A espécie tem sofrido um enorme declínio em Portugal e em grande parte do sul da Península Ibérica, embora desempenhe um papel ecológico vital nas paisagens mediterrânicas e nas economias rurais. Durante o encontro, foi reforçada a necessidade de dar continuidade ao trabalho do projeto Life Iberconejo, realizando--se um balanço sobre os avanços alcançados pelo programa, como a implementação de um sistema automatizado de reco lha e análise de dados sobre as populações de coelho-bravo na Península Ibérica. Este desenvolvimento pioneiro, que envolve as administrações competentes de Portugal e Espanha, permitirá dispor de informação atualizada e em grande escala sobre o estado desta espécie-chave para a sobrevivência de espécies ameaçadas, como o lince-ibérico e a águia--imperial-ibérica. Ao longo da conferência, ficou evidente a necessidade de haver uma abordagem de gestão integrada para solucionar os vários desafios que a situação do coelho-bravo coloca: não só para promover a recuperação das suas populações, mas também para mitigar prejuízos em áreas agrícolas quando em superabundância. Os especialistas concordaram ser importante garantir as sinergias alcançadas no projeto Life Iberconejo entre entidades de Portugal e Espanha, assim como a conjugação das várias valências administrativas, académicas, e de gestão. Trata-se de manter um espaço de partilha de conhecimento e de diálogo para solucionar desafios colocados pela dinâmica populacional da espécie (escassez ou superabundância).
Destacou-se a importância de não se perder um impulso gerado pelo projeto, de manter uma monitorização robusta e a longo prazo da espécie, estabelecer estratégias eficazes de gestão e conservação.
Neste contexto importa garantir a manutenção das ferramentas e plataformas de sistemas de informação desenvolvidas, os processos de enriquecimento do saber, formação e sua aplicação no terreno. Mais de 1400 pessoas foram formadas em monitorização de coelho-bravo, incluindo funcionários públicos, caçadores e voluntários. No ICNF, formaram-se 220 Vigilantes da Natureza. O projeto criou uma estrutura de governação ibérica para melhorar a gestão do coelho-bravo, composta por administrações públicas, universidades e sociedade civil, incluindo ONG de conservação, caçadores e agricultores.

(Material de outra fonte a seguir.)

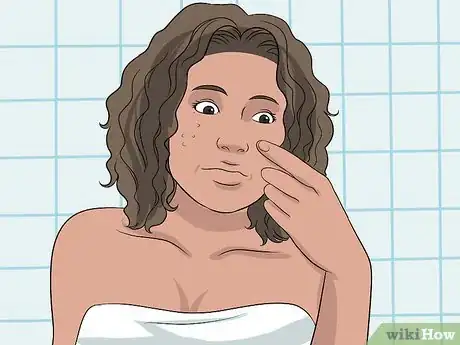 Imagen titulada Get Rid of Acne Redness Step 24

Sobre o Life Iberconejo: O projeto Life Iberconejo teve por objetivo conhecer e melhorar o estado de conservação das populações de coelho-bravo em Portugal e Espanha. Em simultâneo procurou-se prevenir os danos que podem causar à atividade agrícola. Desenvolvido na Península Ibérica até junho de 2025, e cofinanciado pelo programa LIFE da União Europeia, incluiu representantes de todos os agentes sociais envolvidos na sua gestão – administrações, cientistas, associações conservacionistas, agricultores e caçadores – refletindo o compromisso dos diferentes atores com um objetivo comum.